### TASK DESCRIPTION
Repeat every entry word for word; omit all pictures.

• • • • •

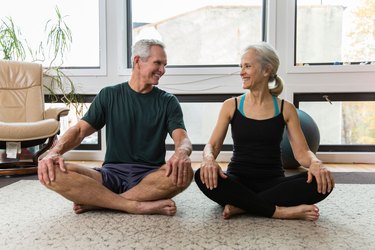 woman and man sitting cross legged after doing an at-home workout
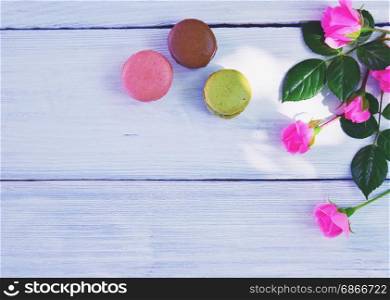 White wooden background with cakes and a bouquet of pink roses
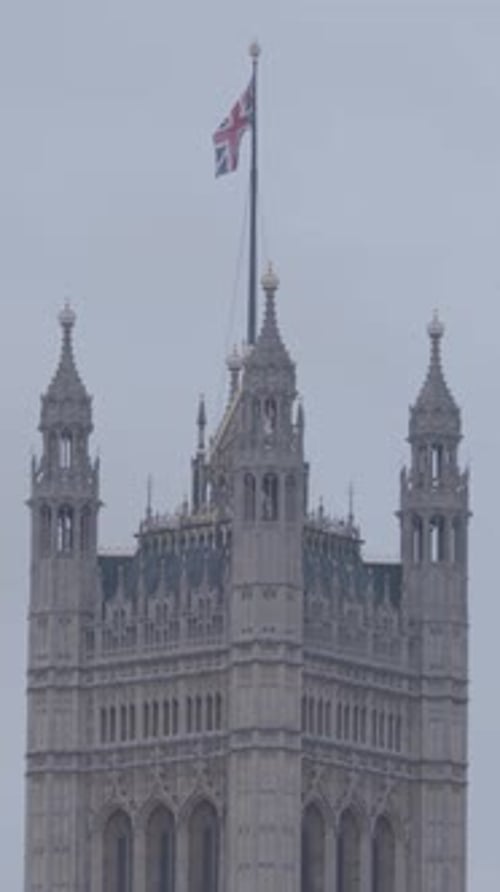 Houses of Parliament with Union Jack on Overcast Day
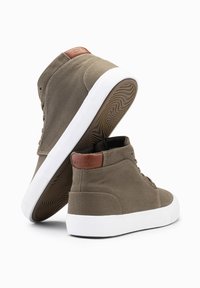 Zapatillas altas de lona verde oliva con suelas de goma blanca, que presentan detalles en cuero marrón en el talón y un patrón de textura en la suela.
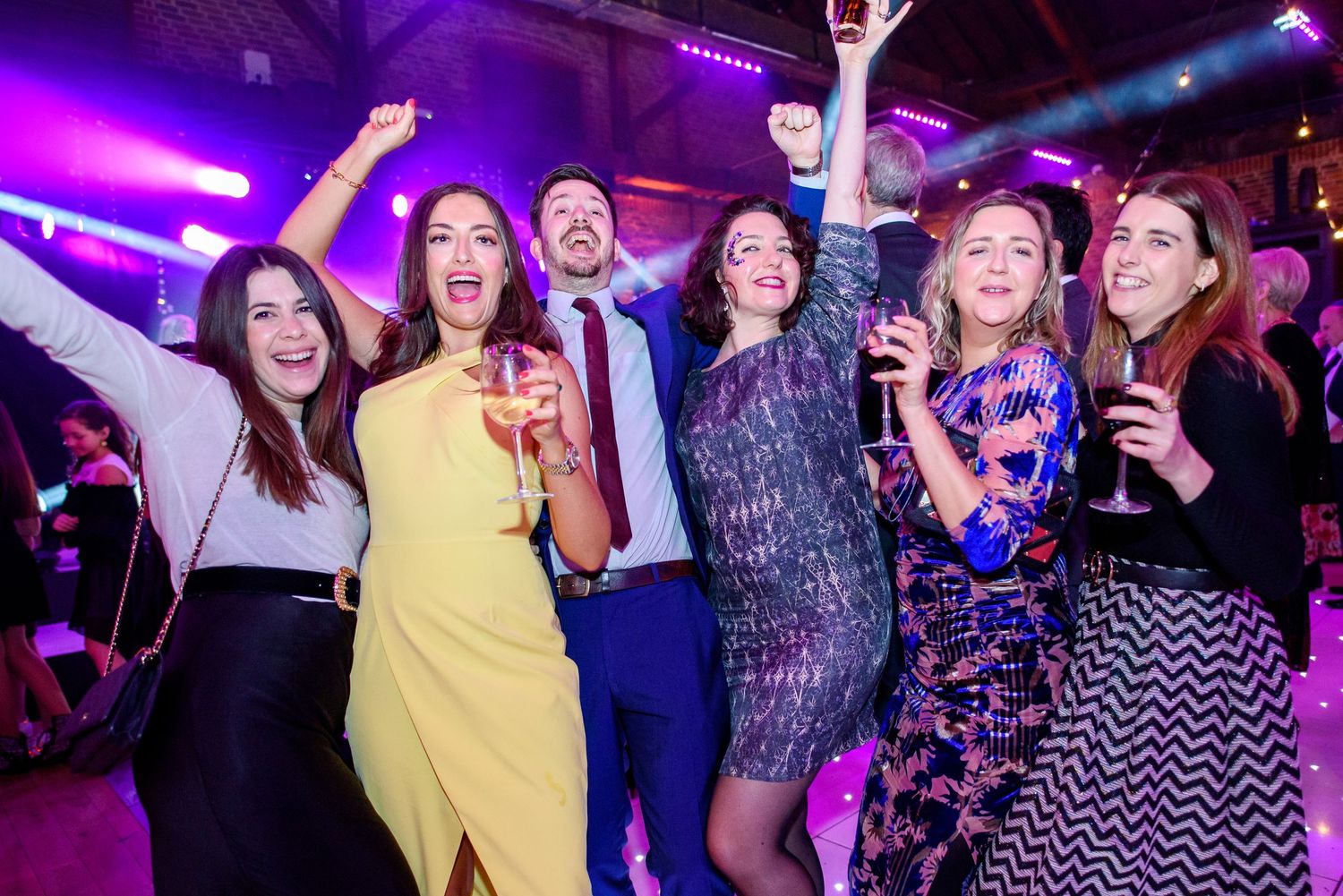 A group of people dancing and socializing at a nightclub with purple lighting and party atmosphere.
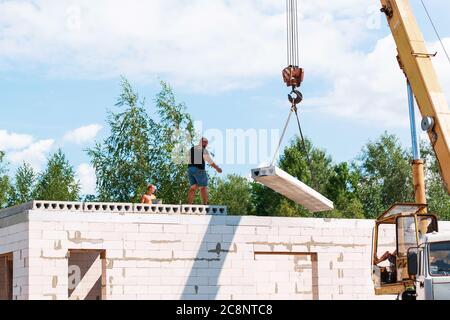 Lavoratore di costruzione che installa il pannello di soletta di pavimento di calcestruzzo nel cantiere. Secondo piano casa pavimento cemento posa in lastra Foto Stock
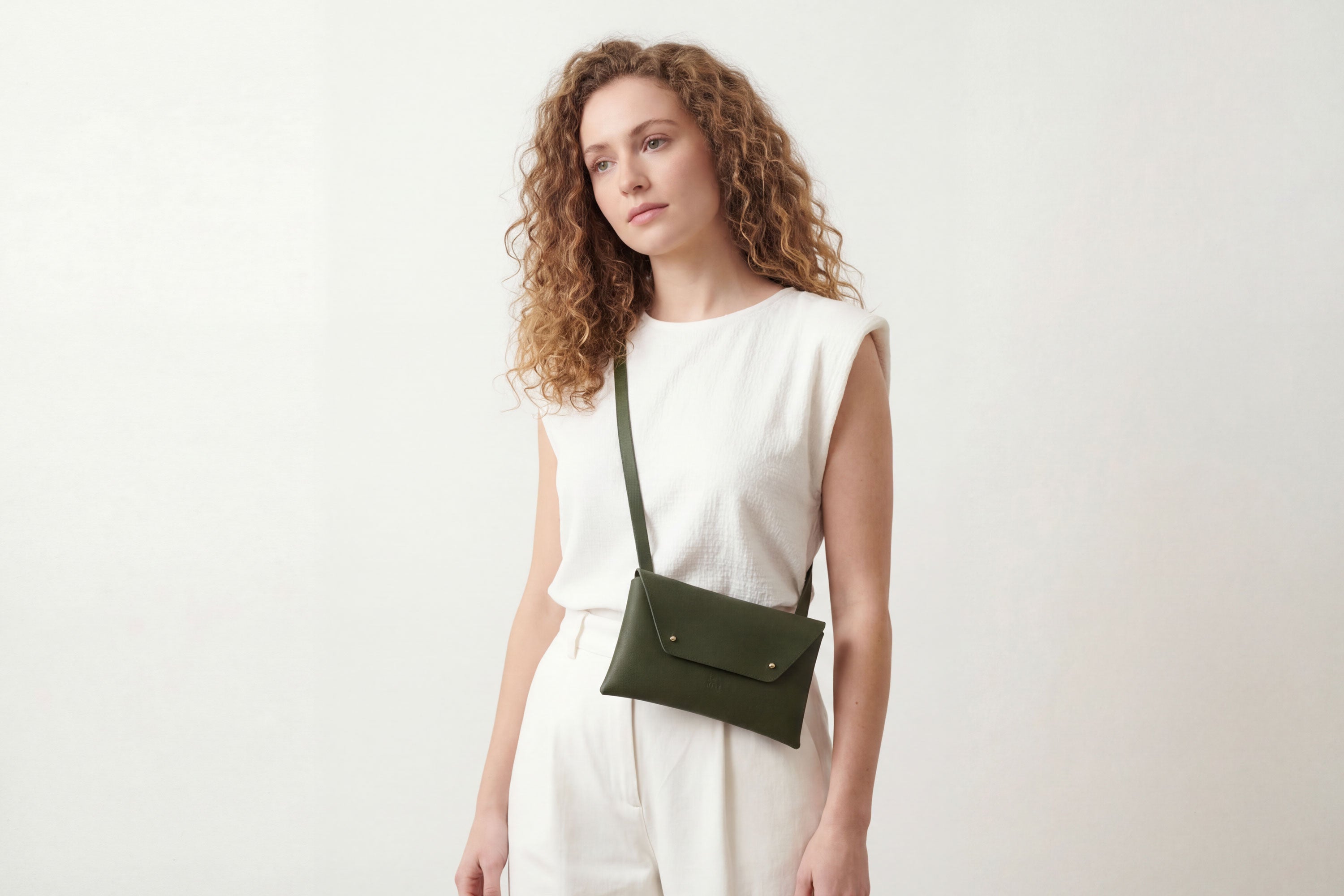 Envelope Bag With a Strap In Olive Green Color On A Woman Model Vegetable Tanned Leather Minimalistic Design Atelier Madre Manuel Dreesmann Barcelona Spain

• • • • •

### RESPONSE AREA
 woman and man sitting cross legged after doing an at-home workout
 White wooden background with cakes and a bouquet of pink roses
 Houses of Parliament with Union Jack on Overcast Day
 Zapatillas altas de lona verde oliva con suelas de goma blanca, que presentan detalles en cuero marrón en el talón y un patrón de textura en la suela.
 A group of people dancing and socializing at a nightclub with purple lighting and party atmosphere.
 Lavoratore di costruzione che installa il pannello di soletta di pavimento di calcestruzzo nel cantiere. Secondo piano casa pavimento cemento posa in lastra Foto Stock
 Envelope Bag With a Strap In Olive Green Color On A Woman Model Vegetable Tanned Leather Minimalistic Design Atelier Madre Manuel Dreesmann Barcelona Spain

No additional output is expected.